Exercise:
From the line containing "Colorguard Flag Text" to the line containing "MS license plate MAZ552" in the records below, set down every line exactly as it stands, both ends included, and skip the pictures.

Source material:
——

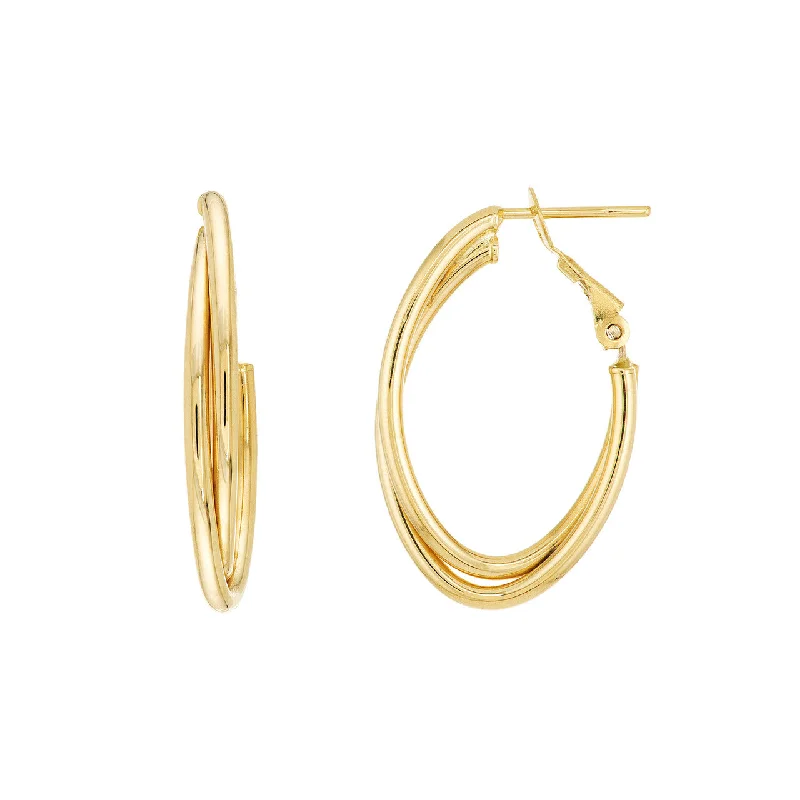 Heart Shaped Drop Earrings for Love -Interwoven Tube Oval Hoops with Omega Clip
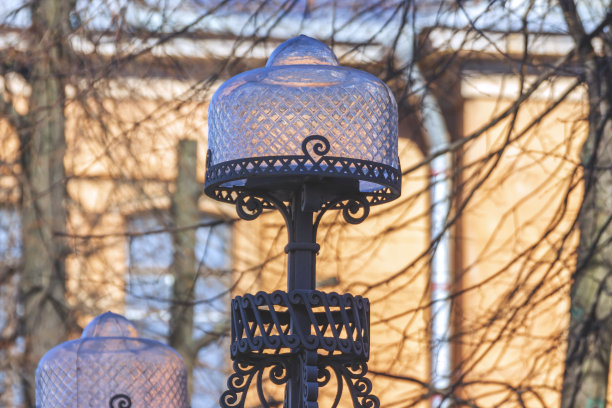 圣彼得堡风景如画的街灯。图片下载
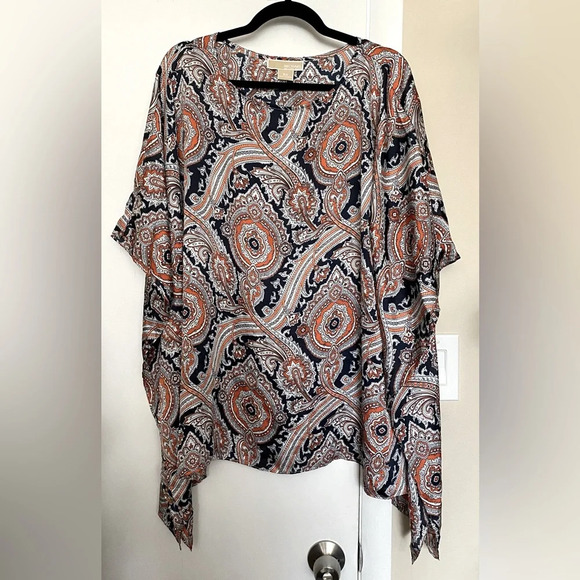 NWT MICHAEL Michael Kors Blue Orange Print Flowy Kaftan Blouse Top Size 3X - Picture 1 of 7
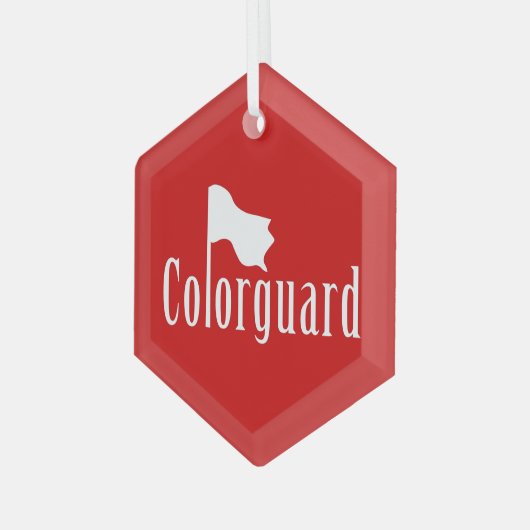 Colorguard Flag Text Ceramic Ornament (Voorkant links)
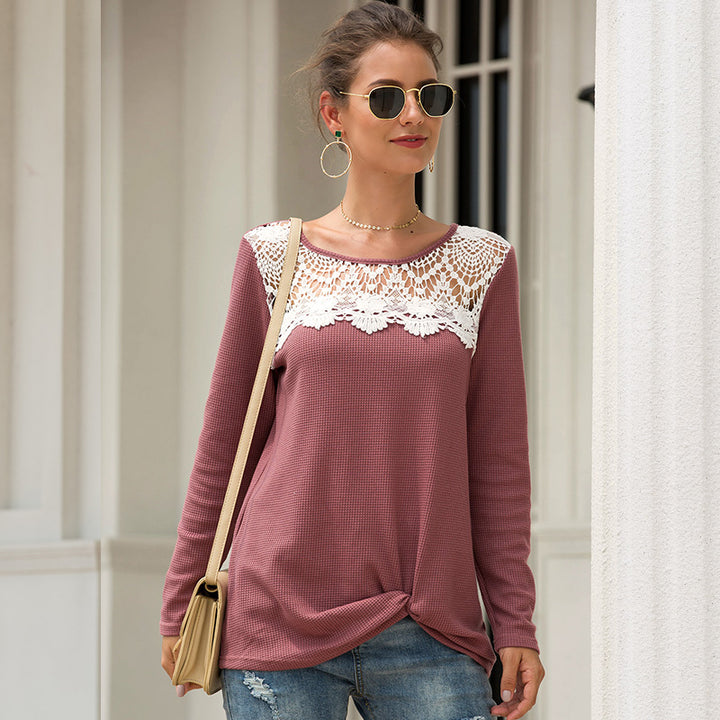 Lace Crochet Twist Hem Top Shirt Image 1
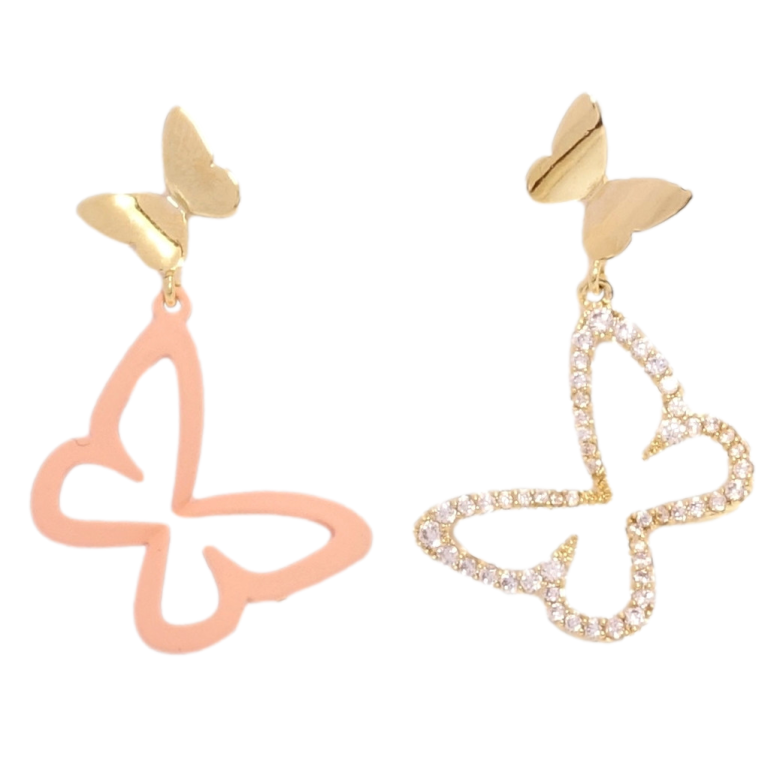 Сережки Xuping JEAN GOUJON Позолота 14K пусети Асиметричні метелики фото №1 Сережки Xuping JEAN GOUJON Позолота 14K пусети Асиметричні метелики фото №1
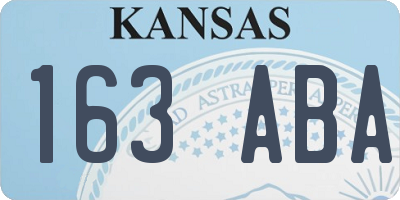KS license plate 163ABA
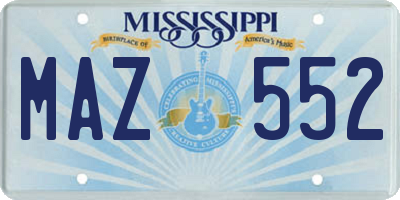 MS license plate MAZ552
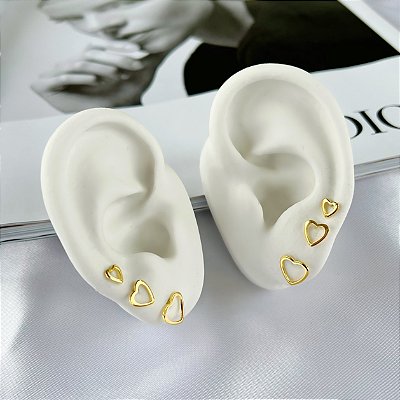 Trio Brincos Folheado Ouro 18k e Prata 925 Coração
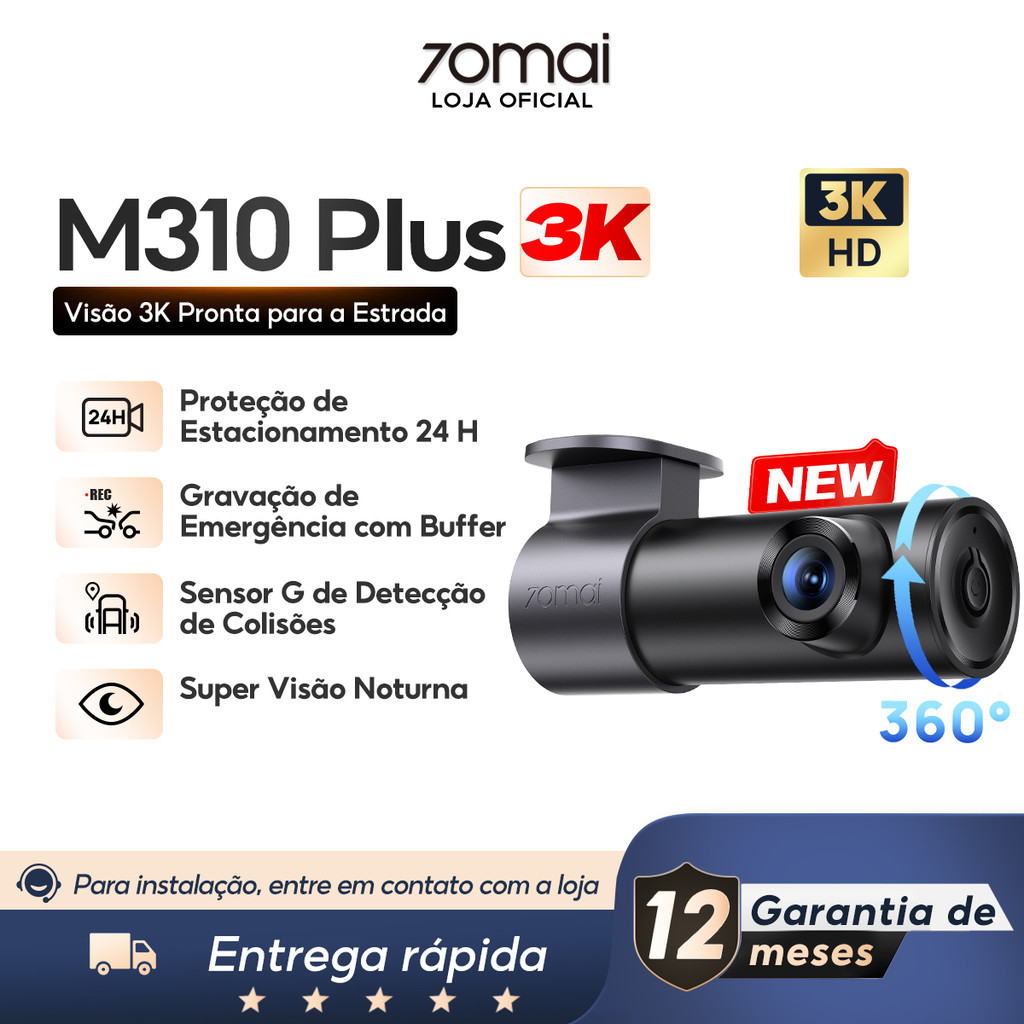 Câmera Veicular 70mai M310 Plus 3k 1620P Wdr F1.55 App Wi-Fi 360° 24h Super Visão Noturna Sensor G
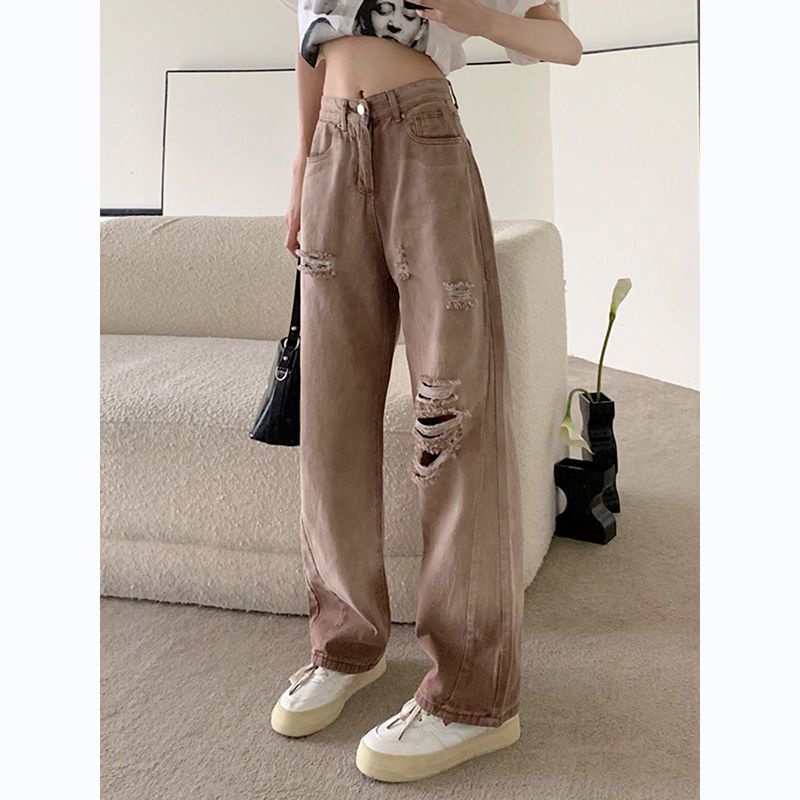 Jiashucheng Quần Jean Rách Lưng Cao Ống Rộng Phong Cách Retro Mỹ Mùa Hè Mới Cho Nữ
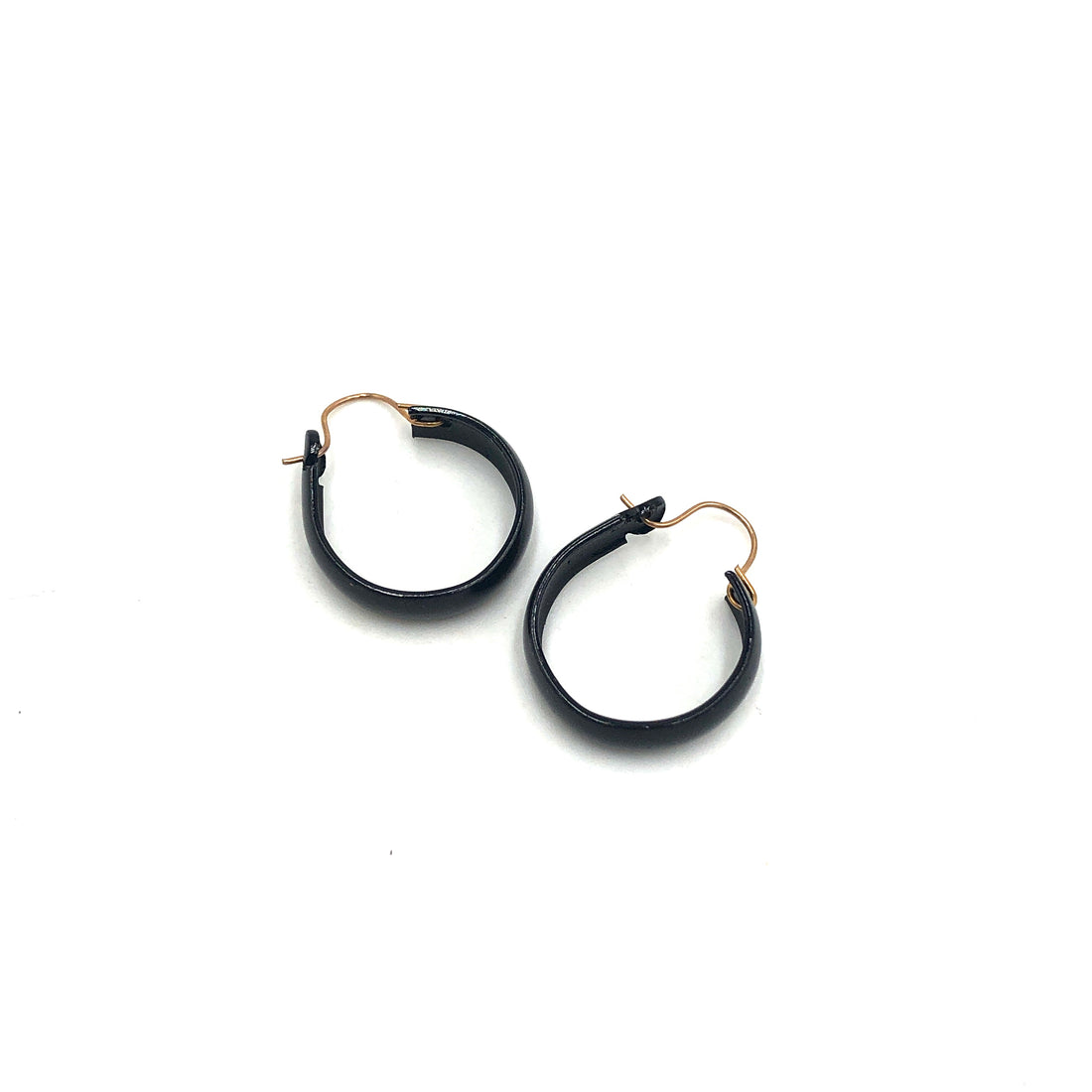 Black Mini Vintage Enamel Hoop Earrings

——

Completed exercise:
 Colorguard Flag Text Ceramic Ornament (Voorkant links)
 Lace Crochet Twist Hem Top Shirt Image 1
 Сережки Xuping JEAN GOUJON Позолота 14K пусети Асиметричні метелики фото №1 Сережки Xuping JEAN GOUJON Позолота 14K пусети Асиметричні метелики фото №1
KS license plate 163ABA
 MS license plate MAZ552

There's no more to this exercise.